MySQL extends the use of GROUP BY so that the select list can refer to
nonaggregated columns not named in the GROUP BY clause. This means
that the preceding query is legal in MySQL. You can use this feature
to get better performance by avoiding unnecessary column sorting and
grouping. However, this is useful primarily when all values in each
nonaggregated column not named in the GROUP BY are the same for each
group.
[..]
This extension assumes that the nongrouped columns will have the same group-wise values. Otherwise, the result is indeterminate.
So I'd get an unspecified value for dataUID — as an example, either text2 or text3 for result with id 5.
This is actually a problem for other fields in my real case; as it happens, for the dataUID column specifically, generally I don't really care which value I get.
Problem
However!
If any of the rows for a given category has a NULL dataUID, and at least one other row has a non-NULL dataUID, I'd like MAX to ignore the NULL ones.
So:
id category dataUID
---------------------------
4 D text2
5 D (NULL)
At present, since I pick out the row with the maximum ID, I get:
5 D (NULL)
But, because the dataUID is NULL, instead I want:
4 D text2
How can I get this? How can I add conditional logic to the use of aggregate MAX?
I thought of maybe handing MAX a tuple and pulling the id out from it afterwards:
GET_SECOND_PART_SOMEHOW(MAX((IF(`dataUID` NOT NULL, 1, 0), `id`))) AS `id`
But I don't think MAX will accept arbitrary expressions like that, let alone tuples, and I don't know how I'd retrieve the second part of the tuple after-the-fact.
slight tweak to #ypercube's answer. To get the ids you can use
SELECT COALESCE(MAX(CASE
WHEN dataUID IS NOT NULL THEN id
END), MAX(id)) AS id
FROM table
GROUP BY category
And then plug that into a join
This was easier than I thought, in the end, because it turns out MySQL will accept an arbitrary expression inside MAX.
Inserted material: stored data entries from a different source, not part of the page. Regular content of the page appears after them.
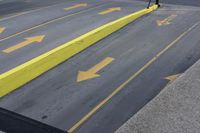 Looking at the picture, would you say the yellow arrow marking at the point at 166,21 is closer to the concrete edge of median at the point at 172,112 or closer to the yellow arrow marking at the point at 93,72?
the yellow arrow marking at the point at 93,72

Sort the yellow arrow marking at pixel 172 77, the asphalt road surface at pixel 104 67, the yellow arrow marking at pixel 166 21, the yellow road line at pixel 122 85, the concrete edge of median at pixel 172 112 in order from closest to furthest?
the concrete edge of median at pixel 172 112, the yellow road line at pixel 122 85, the asphalt road surface at pixel 104 67, the yellow arrow marking at pixel 172 77, the yellow arrow marking at pixel 166 21

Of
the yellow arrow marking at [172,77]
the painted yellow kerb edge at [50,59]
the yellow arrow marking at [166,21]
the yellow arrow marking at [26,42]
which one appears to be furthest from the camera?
the yellow arrow marking at [166,21]

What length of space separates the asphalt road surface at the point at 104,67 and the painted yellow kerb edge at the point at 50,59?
0.24 meters

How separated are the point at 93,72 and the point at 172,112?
162 inches

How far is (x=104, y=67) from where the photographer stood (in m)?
13.0

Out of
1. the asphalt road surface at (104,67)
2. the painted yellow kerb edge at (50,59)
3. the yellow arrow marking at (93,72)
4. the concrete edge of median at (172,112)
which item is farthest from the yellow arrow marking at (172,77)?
the painted yellow kerb edge at (50,59)

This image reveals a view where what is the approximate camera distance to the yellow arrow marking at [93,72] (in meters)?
12.3

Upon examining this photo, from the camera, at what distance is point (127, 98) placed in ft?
35.8

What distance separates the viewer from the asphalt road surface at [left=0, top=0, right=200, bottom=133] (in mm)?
10273

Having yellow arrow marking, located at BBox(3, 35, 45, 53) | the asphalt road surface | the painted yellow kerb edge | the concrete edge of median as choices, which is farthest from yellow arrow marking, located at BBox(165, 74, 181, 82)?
yellow arrow marking, located at BBox(3, 35, 45, 53)

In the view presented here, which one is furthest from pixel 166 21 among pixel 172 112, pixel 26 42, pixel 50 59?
pixel 172 112

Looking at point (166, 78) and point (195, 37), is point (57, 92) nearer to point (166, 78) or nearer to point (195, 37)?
point (166, 78)

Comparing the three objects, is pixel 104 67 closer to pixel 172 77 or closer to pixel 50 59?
pixel 50 59

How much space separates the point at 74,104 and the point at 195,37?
750cm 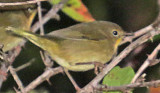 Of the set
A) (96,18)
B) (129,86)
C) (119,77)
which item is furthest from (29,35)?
(96,18)

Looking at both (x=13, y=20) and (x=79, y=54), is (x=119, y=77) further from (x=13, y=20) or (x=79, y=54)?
(x=13, y=20)

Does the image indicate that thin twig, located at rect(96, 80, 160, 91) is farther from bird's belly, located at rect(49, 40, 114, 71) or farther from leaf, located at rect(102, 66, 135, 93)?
bird's belly, located at rect(49, 40, 114, 71)

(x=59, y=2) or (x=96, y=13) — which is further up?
(x=59, y=2)

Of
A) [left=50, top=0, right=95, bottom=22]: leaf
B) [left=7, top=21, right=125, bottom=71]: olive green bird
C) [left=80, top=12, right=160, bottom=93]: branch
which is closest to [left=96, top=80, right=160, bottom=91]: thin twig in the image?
[left=80, top=12, right=160, bottom=93]: branch

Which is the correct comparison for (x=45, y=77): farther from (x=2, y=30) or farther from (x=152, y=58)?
(x=152, y=58)

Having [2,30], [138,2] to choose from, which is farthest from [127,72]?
[138,2]

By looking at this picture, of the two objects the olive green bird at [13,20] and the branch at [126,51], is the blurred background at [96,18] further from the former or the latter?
the branch at [126,51]

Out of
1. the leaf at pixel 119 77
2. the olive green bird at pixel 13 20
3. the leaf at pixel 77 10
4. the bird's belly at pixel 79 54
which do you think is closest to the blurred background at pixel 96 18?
the olive green bird at pixel 13 20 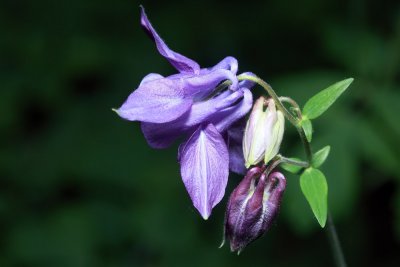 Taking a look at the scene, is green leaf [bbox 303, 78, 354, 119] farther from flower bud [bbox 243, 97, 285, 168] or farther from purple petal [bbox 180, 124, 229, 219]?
purple petal [bbox 180, 124, 229, 219]

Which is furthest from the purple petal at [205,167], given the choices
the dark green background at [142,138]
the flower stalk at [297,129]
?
the dark green background at [142,138]

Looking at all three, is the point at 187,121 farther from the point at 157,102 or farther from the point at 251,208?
the point at 251,208

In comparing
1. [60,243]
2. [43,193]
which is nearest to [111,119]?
[43,193]


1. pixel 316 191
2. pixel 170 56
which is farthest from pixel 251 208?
pixel 170 56

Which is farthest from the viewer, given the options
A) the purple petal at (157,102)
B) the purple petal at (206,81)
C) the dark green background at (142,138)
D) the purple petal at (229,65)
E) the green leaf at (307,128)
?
the dark green background at (142,138)

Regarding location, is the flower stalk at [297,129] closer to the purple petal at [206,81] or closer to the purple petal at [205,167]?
the purple petal at [206,81]

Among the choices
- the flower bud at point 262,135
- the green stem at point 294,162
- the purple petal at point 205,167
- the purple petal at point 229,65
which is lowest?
the green stem at point 294,162

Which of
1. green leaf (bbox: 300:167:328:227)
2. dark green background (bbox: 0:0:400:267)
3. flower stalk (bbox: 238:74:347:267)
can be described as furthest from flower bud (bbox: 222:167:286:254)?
dark green background (bbox: 0:0:400:267) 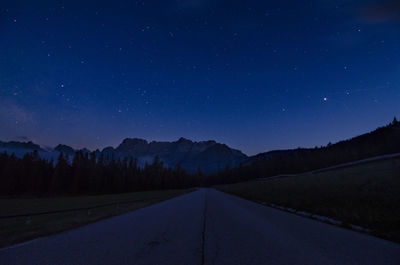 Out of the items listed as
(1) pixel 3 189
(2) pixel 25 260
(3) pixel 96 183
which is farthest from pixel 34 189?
(2) pixel 25 260

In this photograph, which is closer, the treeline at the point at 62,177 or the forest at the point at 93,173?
the treeline at the point at 62,177

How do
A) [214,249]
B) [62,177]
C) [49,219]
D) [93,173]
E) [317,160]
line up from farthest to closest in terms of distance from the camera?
[317,160], [93,173], [62,177], [49,219], [214,249]

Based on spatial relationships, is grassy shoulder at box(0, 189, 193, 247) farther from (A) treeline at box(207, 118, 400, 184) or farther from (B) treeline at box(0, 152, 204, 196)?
(A) treeline at box(207, 118, 400, 184)

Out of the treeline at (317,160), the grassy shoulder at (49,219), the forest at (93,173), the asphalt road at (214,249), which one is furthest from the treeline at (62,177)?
the asphalt road at (214,249)

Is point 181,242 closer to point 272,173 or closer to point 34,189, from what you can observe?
point 34,189

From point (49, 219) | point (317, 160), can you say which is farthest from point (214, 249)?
→ point (317, 160)

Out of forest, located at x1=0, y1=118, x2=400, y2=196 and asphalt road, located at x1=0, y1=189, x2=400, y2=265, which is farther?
forest, located at x1=0, y1=118, x2=400, y2=196

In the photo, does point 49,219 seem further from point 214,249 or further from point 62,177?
point 62,177

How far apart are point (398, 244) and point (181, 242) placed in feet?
19.3

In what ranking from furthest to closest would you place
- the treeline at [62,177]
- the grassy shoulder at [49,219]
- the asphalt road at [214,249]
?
the treeline at [62,177] < the grassy shoulder at [49,219] < the asphalt road at [214,249]

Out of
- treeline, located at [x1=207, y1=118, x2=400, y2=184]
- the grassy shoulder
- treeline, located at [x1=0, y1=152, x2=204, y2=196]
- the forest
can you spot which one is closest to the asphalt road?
the grassy shoulder

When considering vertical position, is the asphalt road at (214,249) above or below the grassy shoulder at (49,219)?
above

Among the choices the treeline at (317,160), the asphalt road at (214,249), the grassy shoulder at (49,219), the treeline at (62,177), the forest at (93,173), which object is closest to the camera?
the asphalt road at (214,249)

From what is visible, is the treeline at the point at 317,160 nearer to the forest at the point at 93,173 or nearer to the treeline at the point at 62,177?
the forest at the point at 93,173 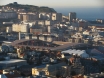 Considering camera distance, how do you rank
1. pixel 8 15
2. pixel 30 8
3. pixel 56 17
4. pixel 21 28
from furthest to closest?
pixel 30 8 → pixel 8 15 → pixel 56 17 → pixel 21 28

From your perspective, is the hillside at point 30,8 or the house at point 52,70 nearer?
the house at point 52,70

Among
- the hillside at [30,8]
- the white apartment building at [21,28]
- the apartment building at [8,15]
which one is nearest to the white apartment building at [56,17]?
the apartment building at [8,15]

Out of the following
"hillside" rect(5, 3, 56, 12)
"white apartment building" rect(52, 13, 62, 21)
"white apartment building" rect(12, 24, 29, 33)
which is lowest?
"white apartment building" rect(12, 24, 29, 33)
I can get the ordering I want by injecting a leading character into id to serve as an ordering hint:
SUBSTRING(MAX(IF (`dataUID` IS NULL, CONCAT('a',`id`), CONCAT('b',`id`))) FROM 2)
Walk-through:
id category dataUID IF (`dataUID` IS NULL, CONCAT('a',`id`), CONCAT('b',`id`)
--------------------------------------------------------------------------------------
0 A (NULL) a0
1 B (NULL) a1
2 C text1 b2
3 C text1 b3
4 D text2 b4
5 D (NULL) a5
So:
SELECT
`category`, MAX(IF (`dataUID` IS NULL, CONCAT('a',`id`), CONCAT('b',`id`)) AS `max_id_with_hint`
FROM `table`
GROUP BY `category`
category max_id_with_hint
------------------------------
A a0
B a1
C b3
D b4
It's then a simple matter to chop the ordering hint off again.
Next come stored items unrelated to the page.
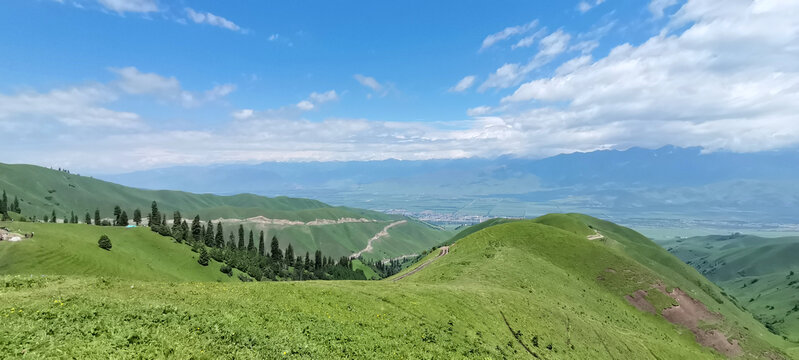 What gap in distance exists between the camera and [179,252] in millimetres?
123750

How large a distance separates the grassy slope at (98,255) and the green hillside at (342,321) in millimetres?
74861

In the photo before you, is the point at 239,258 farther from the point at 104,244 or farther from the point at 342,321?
the point at 342,321

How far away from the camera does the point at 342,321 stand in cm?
2617

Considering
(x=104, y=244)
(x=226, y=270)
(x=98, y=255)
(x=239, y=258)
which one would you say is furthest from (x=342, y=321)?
(x=239, y=258)

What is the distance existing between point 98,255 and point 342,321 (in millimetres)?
100939

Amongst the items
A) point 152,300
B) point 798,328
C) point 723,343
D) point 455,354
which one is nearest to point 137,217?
point 152,300

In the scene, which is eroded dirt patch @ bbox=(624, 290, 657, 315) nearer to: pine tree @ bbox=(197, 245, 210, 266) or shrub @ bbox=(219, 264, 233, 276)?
shrub @ bbox=(219, 264, 233, 276)

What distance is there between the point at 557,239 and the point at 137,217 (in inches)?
7906

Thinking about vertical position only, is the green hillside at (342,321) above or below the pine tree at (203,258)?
above

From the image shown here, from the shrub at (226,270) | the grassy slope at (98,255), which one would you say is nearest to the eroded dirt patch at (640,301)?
the grassy slope at (98,255)

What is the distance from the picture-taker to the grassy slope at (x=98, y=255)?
249ft

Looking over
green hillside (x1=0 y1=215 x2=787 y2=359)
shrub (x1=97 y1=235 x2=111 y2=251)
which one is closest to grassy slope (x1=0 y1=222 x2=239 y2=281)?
shrub (x1=97 y1=235 x2=111 y2=251)

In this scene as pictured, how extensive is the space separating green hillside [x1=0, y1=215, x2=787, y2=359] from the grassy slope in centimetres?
7486

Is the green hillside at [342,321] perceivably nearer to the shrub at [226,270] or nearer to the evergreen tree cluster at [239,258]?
the shrub at [226,270] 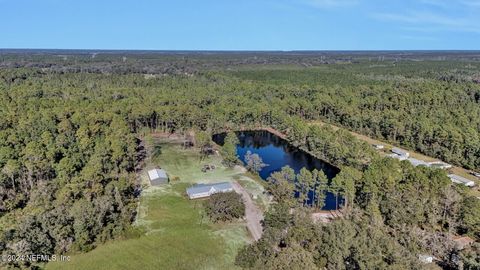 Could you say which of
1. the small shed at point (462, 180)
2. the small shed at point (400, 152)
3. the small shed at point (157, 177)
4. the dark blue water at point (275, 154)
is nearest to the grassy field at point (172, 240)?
the small shed at point (157, 177)

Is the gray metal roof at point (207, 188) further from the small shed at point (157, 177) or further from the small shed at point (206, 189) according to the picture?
the small shed at point (157, 177)

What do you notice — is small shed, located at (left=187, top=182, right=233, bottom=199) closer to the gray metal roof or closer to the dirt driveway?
the gray metal roof

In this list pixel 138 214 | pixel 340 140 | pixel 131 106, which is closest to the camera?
pixel 138 214

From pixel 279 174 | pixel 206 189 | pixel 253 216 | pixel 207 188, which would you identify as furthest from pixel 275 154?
pixel 253 216

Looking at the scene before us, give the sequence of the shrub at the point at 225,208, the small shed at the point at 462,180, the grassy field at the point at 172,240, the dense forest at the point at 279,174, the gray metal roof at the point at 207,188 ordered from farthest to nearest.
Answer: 1. the small shed at the point at 462,180
2. the gray metal roof at the point at 207,188
3. the shrub at the point at 225,208
4. the grassy field at the point at 172,240
5. the dense forest at the point at 279,174

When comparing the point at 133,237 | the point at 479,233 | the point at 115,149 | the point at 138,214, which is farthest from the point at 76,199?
the point at 479,233

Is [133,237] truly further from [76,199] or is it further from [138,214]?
[76,199]

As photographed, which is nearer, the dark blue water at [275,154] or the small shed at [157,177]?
the small shed at [157,177] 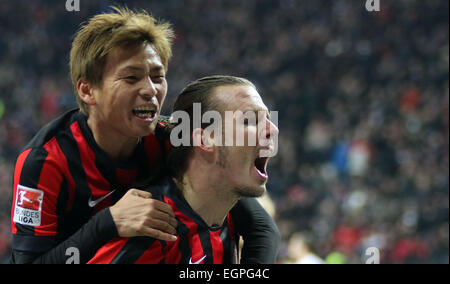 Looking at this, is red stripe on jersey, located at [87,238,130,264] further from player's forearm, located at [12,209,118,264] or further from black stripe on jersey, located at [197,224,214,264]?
black stripe on jersey, located at [197,224,214,264]

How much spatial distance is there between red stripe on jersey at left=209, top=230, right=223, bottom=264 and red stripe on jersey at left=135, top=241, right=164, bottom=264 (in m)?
0.22

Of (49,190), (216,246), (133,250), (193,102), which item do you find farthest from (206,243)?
(49,190)

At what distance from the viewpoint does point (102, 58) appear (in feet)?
6.82

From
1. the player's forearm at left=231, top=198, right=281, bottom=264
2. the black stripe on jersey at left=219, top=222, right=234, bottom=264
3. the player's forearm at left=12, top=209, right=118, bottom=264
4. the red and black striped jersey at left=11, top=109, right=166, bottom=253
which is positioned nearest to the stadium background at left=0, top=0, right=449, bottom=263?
the player's forearm at left=231, top=198, right=281, bottom=264

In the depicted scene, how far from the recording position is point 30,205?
210cm

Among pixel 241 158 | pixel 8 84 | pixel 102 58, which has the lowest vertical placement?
pixel 241 158

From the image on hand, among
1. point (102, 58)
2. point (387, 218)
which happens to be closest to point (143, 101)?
point (102, 58)

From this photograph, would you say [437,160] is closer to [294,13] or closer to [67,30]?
[294,13]

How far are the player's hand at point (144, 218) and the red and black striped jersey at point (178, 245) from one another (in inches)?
1.7

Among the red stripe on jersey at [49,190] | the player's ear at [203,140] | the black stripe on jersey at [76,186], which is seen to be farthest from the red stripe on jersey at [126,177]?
the player's ear at [203,140]

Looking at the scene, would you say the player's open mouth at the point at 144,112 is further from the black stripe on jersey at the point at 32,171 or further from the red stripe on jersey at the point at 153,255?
the red stripe on jersey at the point at 153,255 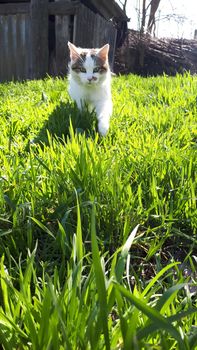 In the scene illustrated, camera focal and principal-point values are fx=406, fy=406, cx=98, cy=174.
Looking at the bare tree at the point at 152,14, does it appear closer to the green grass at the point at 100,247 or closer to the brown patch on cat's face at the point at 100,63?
the brown patch on cat's face at the point at 100,63

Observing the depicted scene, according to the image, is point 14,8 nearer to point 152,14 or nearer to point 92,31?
point 92,31

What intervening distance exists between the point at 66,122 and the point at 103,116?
13.7 inches

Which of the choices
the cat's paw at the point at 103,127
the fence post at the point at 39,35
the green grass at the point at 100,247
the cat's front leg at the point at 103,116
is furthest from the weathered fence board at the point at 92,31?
the green grass at the point at 100,247

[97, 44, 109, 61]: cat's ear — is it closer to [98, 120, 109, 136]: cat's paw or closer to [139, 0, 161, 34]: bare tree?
[98, 120, 109, 136]: cat's paw

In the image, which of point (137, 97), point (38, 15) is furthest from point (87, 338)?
point (38, 15)

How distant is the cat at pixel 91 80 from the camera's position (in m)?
3.24

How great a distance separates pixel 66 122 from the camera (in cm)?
260

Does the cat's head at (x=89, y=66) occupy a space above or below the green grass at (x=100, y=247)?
above

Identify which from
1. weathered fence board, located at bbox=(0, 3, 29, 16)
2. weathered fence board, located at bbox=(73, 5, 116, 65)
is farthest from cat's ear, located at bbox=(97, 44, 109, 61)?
weathered fence board, located at bbox=(0, 3, 29, 16)

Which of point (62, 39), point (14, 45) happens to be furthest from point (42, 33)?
point (14, 45)

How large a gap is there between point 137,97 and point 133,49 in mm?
10187

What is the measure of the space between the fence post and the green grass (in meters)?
7.14

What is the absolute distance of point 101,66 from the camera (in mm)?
3861

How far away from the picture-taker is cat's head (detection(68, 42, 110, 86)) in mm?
3658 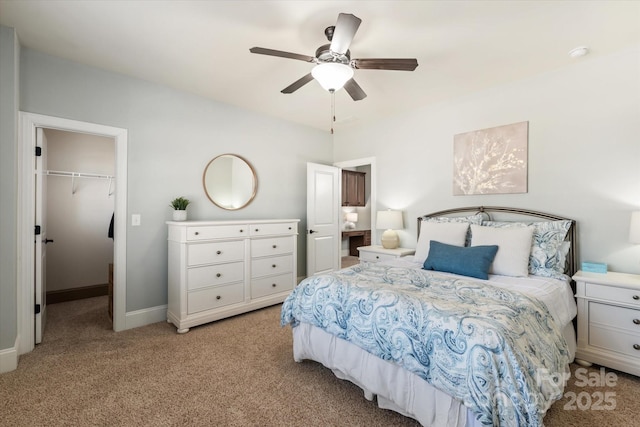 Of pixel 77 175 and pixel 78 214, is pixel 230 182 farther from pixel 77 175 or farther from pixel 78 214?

Thanks in particular to #JlStone for setting me, via COALESCE, on the path to embedding expressions inside the call to MAX and directly manipulating the values supplied to MAX.
From what I can remember you can use COALESCE inside of grouping statements. For example.
SELECT MAX(COALESCE(`id`,1)) ...
hm seems I read to quickly the first time. I think maybe you want something like this?
SELECT * FROM `table` JOIN (
SELECT MAX(`id`) AS `id` FROM `table`
WHERE `dataUID` IS NOT NULL
GROUP BY `category`
) _ USING(`id`)
or perhaps
SELECT MAX(`id`) AS `id`,
COALESCE (`dataUID`, 0) as `dataUID`
FROM `table`
GROUP BY `category`
select *
from t1
join (
select max(id) as id,
max(if(dataGUID is NULL, NULL, id)) as fallbackid,
category
from t1 group by category) as ids
on if(ids.id = fallbackid or fallbackid is null, id, fallbackid) = t1.id;
SELECT t.*
FROM table AS t
JOIN
( SELECT DISTINCT category
FROM table
) AS tdc
ON t.id =
COALESCE(
( SELECT MAX(id) AS id
FROM table
WHERE category = tdc.category
AND dataUID IS NOT NULL
)
, ( SELECT MAX(id) AS id
FROM table
WHERE category = tdc.category
AND dataUID IS NULL
)
)
you need clause OVER
SELECT id, category,dataUID
FROM
(
SELECT ROW_NUMBER() OVER (PARTITION BY category ORDER BY id desc, dataUID desc ) rn,
id, category,dataUID FROM table
) q
WHERE rn=1
Consider that sorting by desc moves null values at last.